This dilemma is made more complicated by my anarchist proclivities. I want to live my life as much as possible through voluntary association, which is nearly impossible in our context of compulsory secondary education. The most satisfying choices I’ve ever made in my life are the ones with the least pressure attached — at New College, for example, where I found a deep love for authentic education even though (in fact, because) there were no grades involved. So when my students choose not to pay attention, I often think: “Well, that’s their choice. I’m not the kid’s mom.” It’s especially tough when I want them to pay attention to me. What gives me the right to insist that I matter more than the activity on their cell phone screen? Shouldn’t I be able to find non-coercive ways to lead young people into the light?

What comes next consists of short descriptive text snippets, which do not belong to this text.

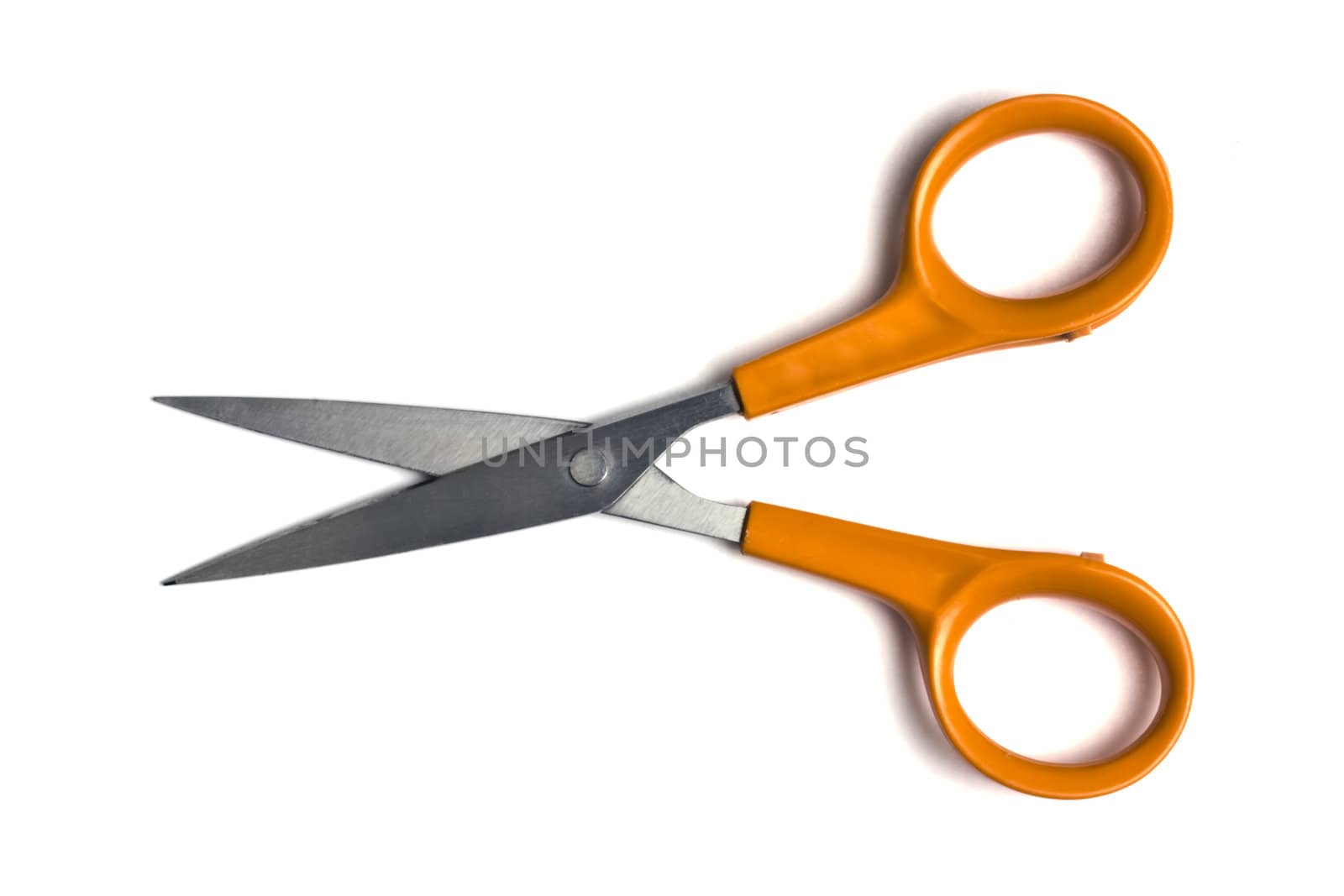 Orange scissors isolated on white background 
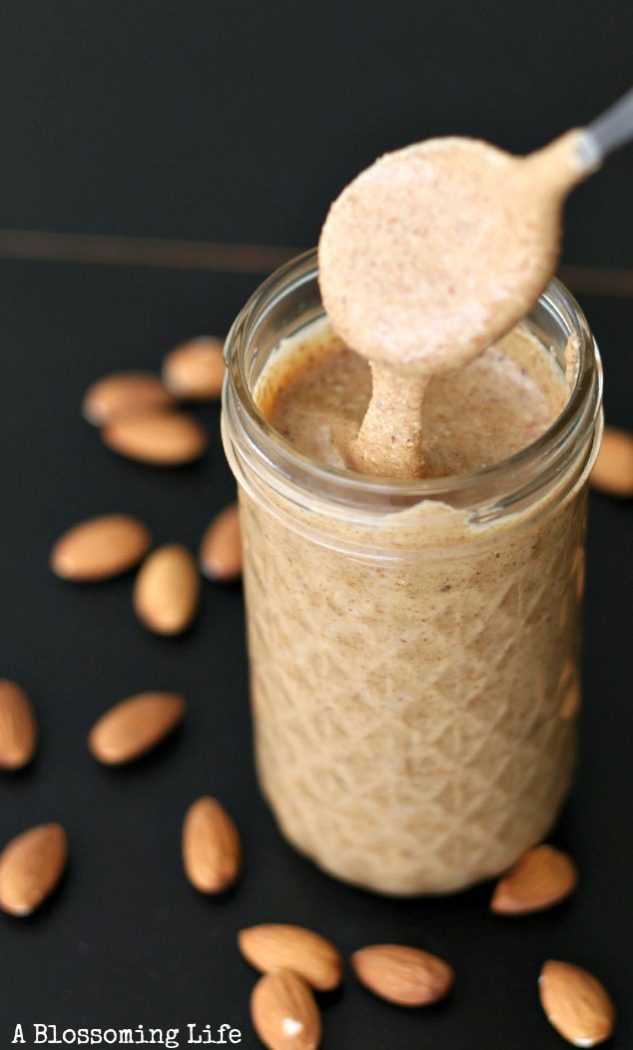 spoon drizzino almond butter into the jar of almond butter. Almond spread around the counter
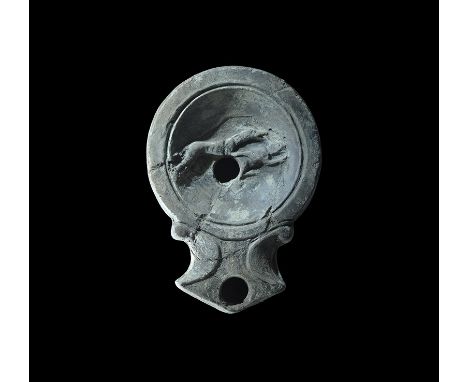 1st-2nd century AD. An ornamented terracotta lamp with volute scrolls to the nozzle; to the discus a running dog chasing a ha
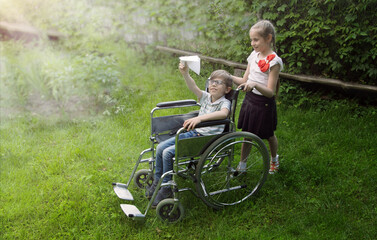 A girl carries a sick boy in a wheelchair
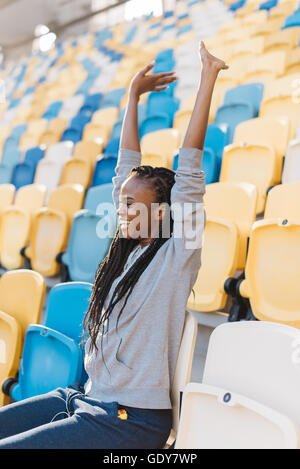 Ventilatoren: aufgeregt weiblicher Fan sitzt allein hinauf in die hohen Sitze, Seitenansicht Stockfoto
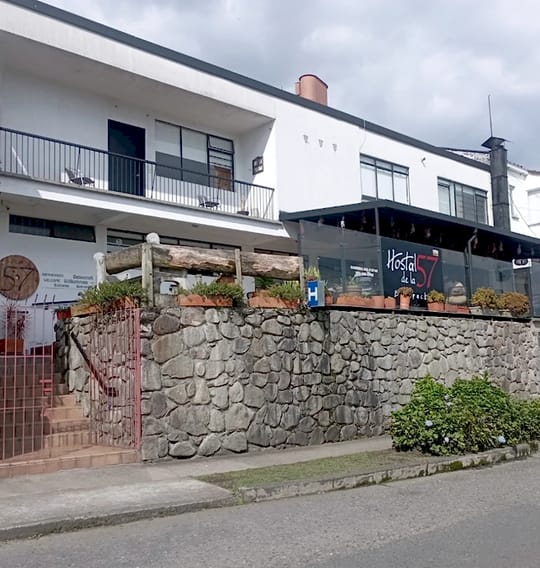 Fachada blanca de dos pisos con balcón, muro de piedra con jardineras, escalera con reja roja y el letrero negro «Hostal de la 57».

Of course it’s a balancing act. We have to find ways to be compassionate and loving, without killing our students with kindness. We have to demand excellence and set high expectations, without robbing our students of fun or free time. I think the worst teachers are the ones who pick a position and never examine in, regardless of which extreme they fall into.

But it’s tough. I feel like young people are so very fragile these days, so distracted and overstretched and pressurized and overloaded and filled with worry and pain and desperation. I want to help them in the long term, but I can’t ignore the suffering they’re going through here and now. And I don’t have the option to say “If you don’t like how I teach, you can leave.”